Records for this exercise:
^^^^^^^^

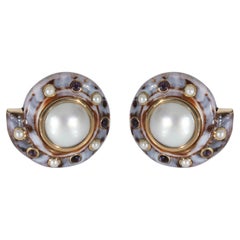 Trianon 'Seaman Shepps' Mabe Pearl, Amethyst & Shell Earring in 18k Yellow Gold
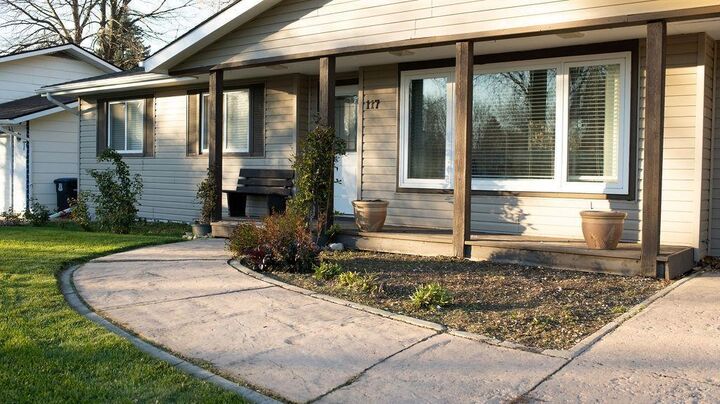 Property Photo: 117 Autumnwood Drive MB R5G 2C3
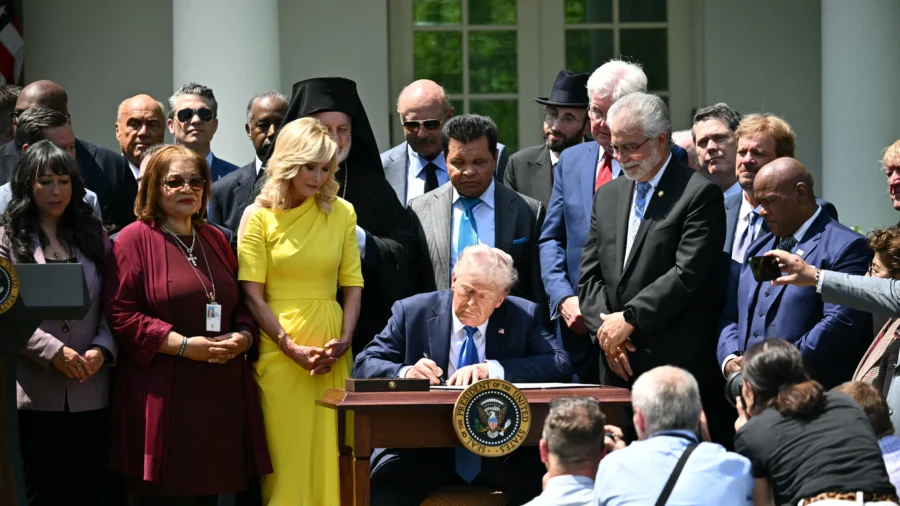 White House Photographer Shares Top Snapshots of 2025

^^^^^^^^

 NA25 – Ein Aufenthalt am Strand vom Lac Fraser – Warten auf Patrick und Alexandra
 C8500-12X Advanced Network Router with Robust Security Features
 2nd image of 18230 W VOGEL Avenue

^^^^^^^^

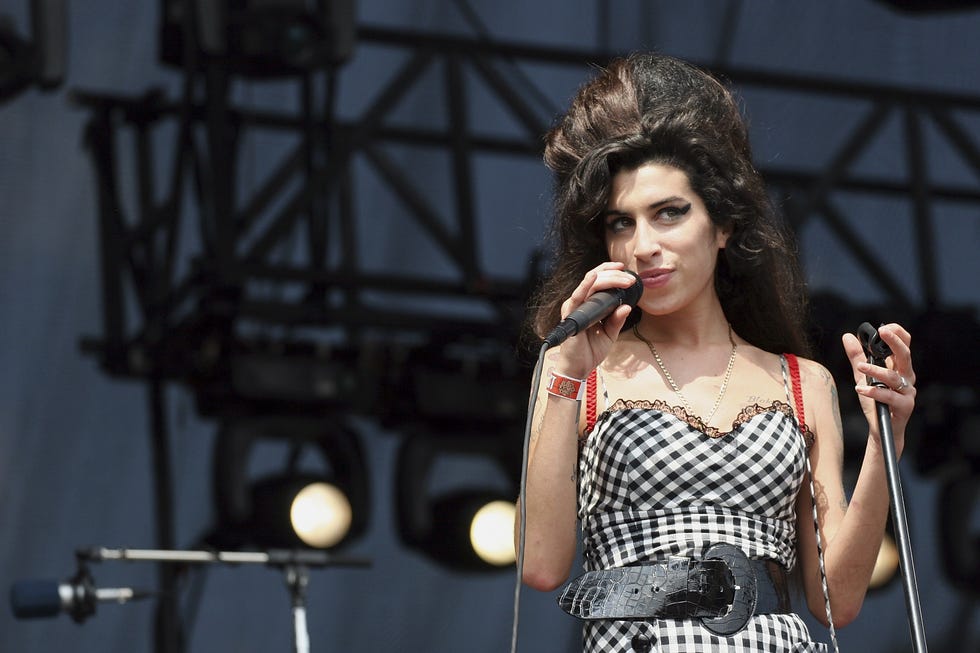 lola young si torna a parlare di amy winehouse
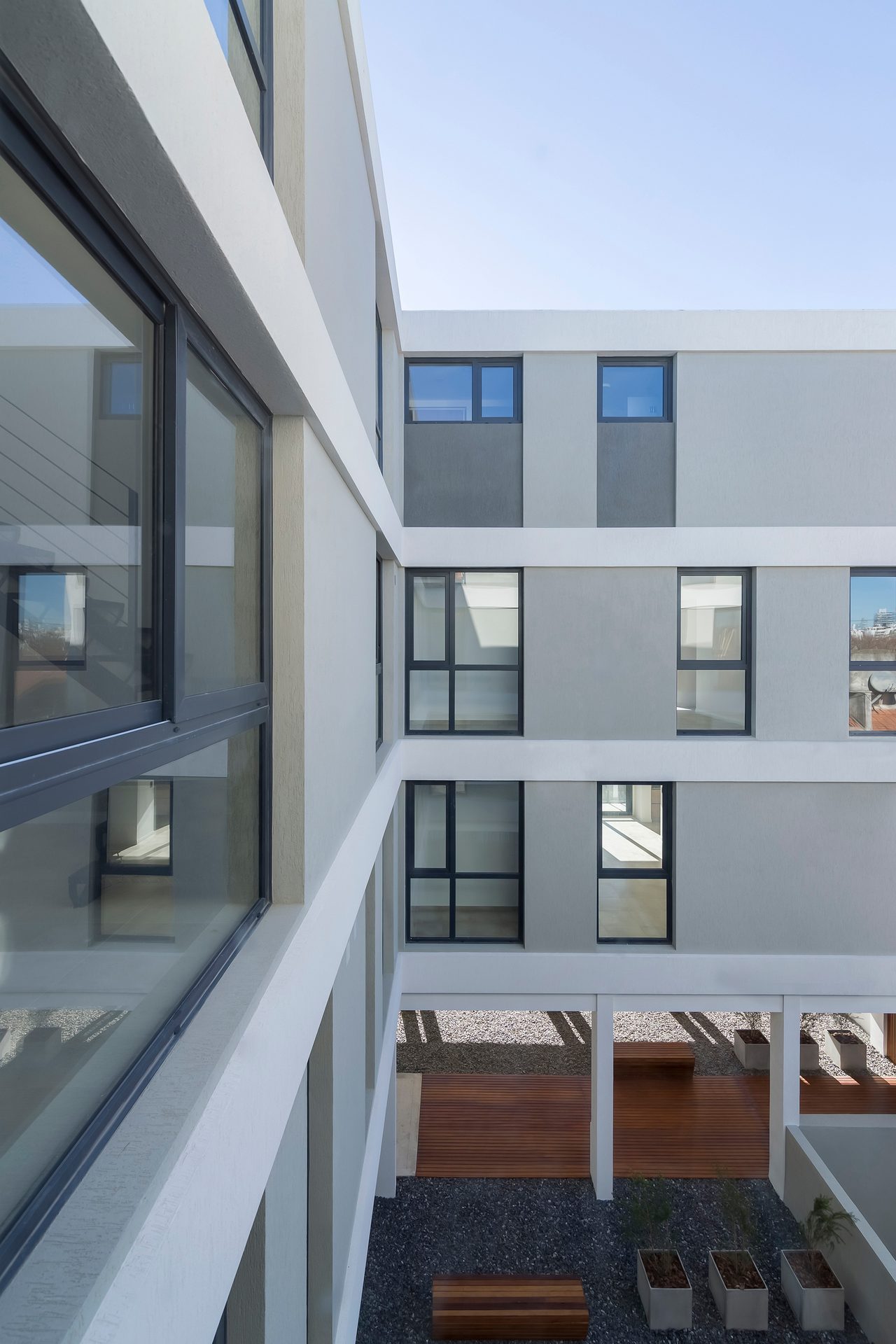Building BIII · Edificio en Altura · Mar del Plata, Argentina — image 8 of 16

^^^^^^^^

Directions for this task:
Every line above in the stretch from the one with "Trianon 'Seaman Shepps'" through the one with "White House Photographer" is to be transcribed exactly, ends included. No picture is copied.

Exercise solution:
 Trianon 'Seaman Shepps' Mabe Pearl, Amethyst & Shell Earring in 18k Yellow Gold
 Property Photo: 117 Autumnwood Drive MB R5G 2C3
 White House Photographer Shares Top Snapshots of 2025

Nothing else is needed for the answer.